Given information:
-----

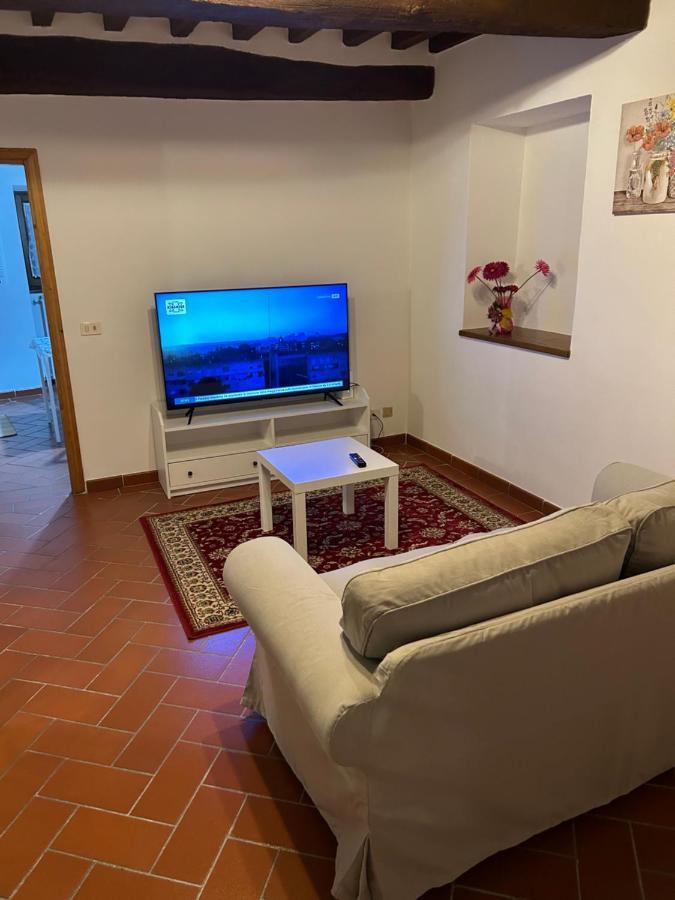 La Casa Di Laura Leilighet Cortona Eksteriør bilde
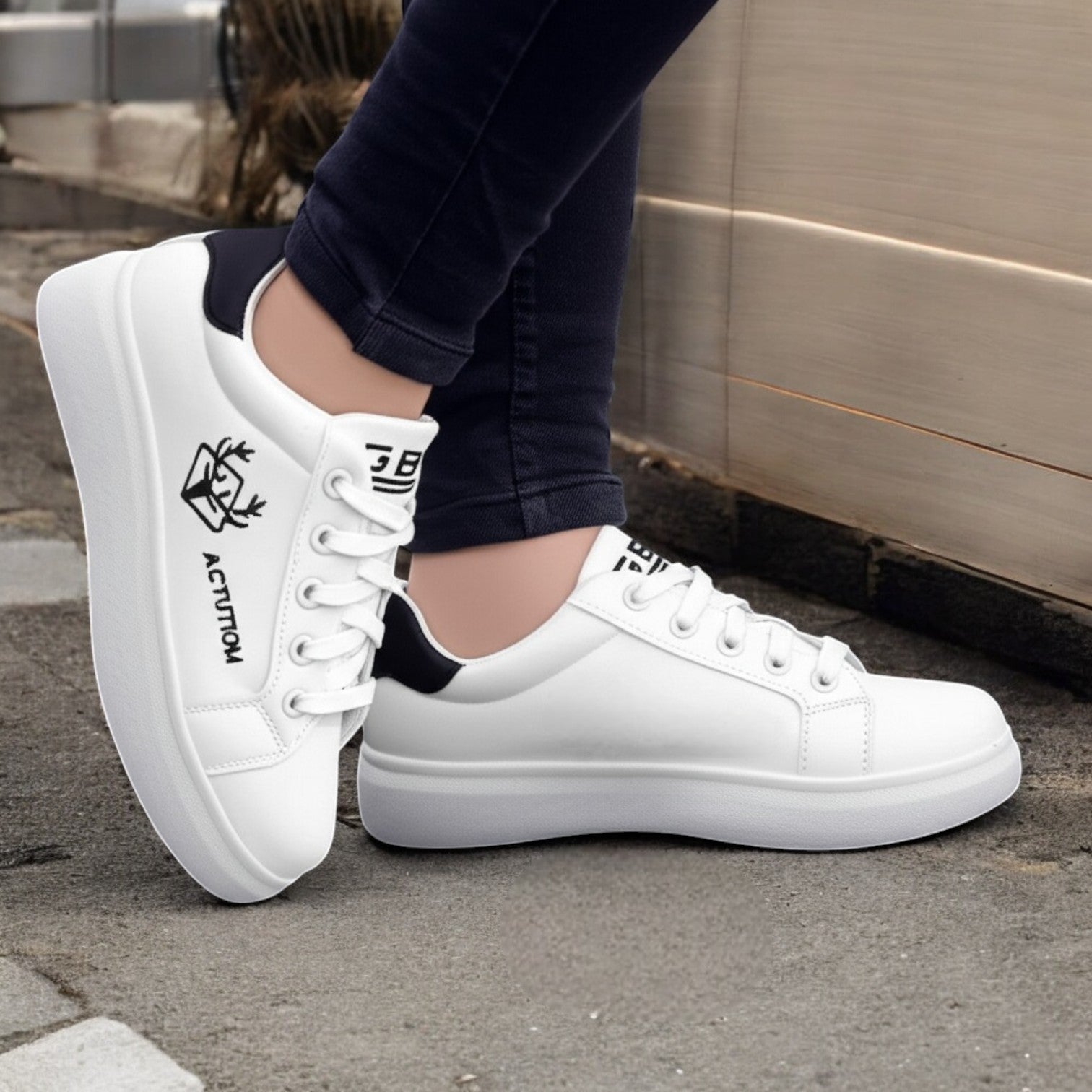 Actutiom sneaker 8825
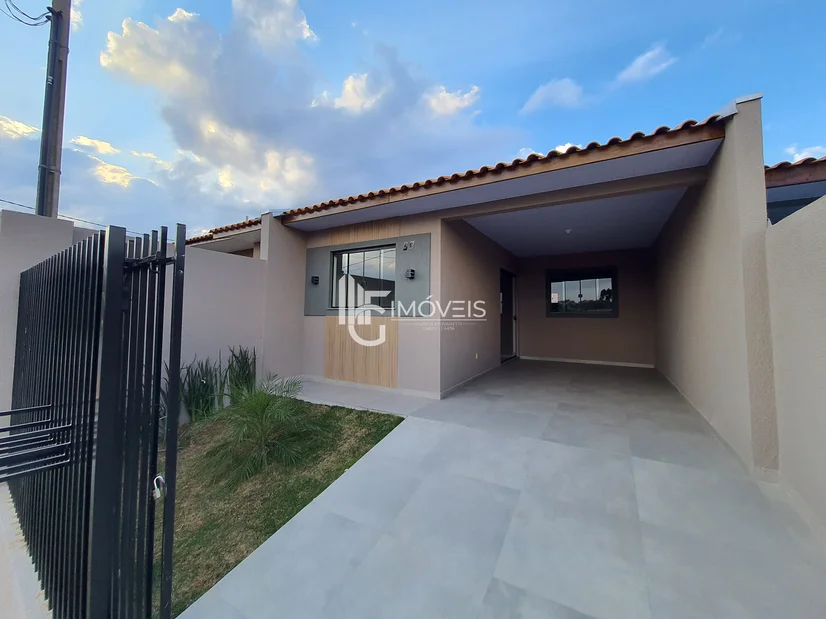 Foto Casa a venda no Parque das Palmeiras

-----

Task details:
Retype the lines starting with the one that holds "Actutiom sneaker 8825" and ending with the last line of the data above, both included; skip the pictures.

Result of this exercise:
 Actutiom sneaker 8825
 Foto Casa a venda no Parque das Palmeiras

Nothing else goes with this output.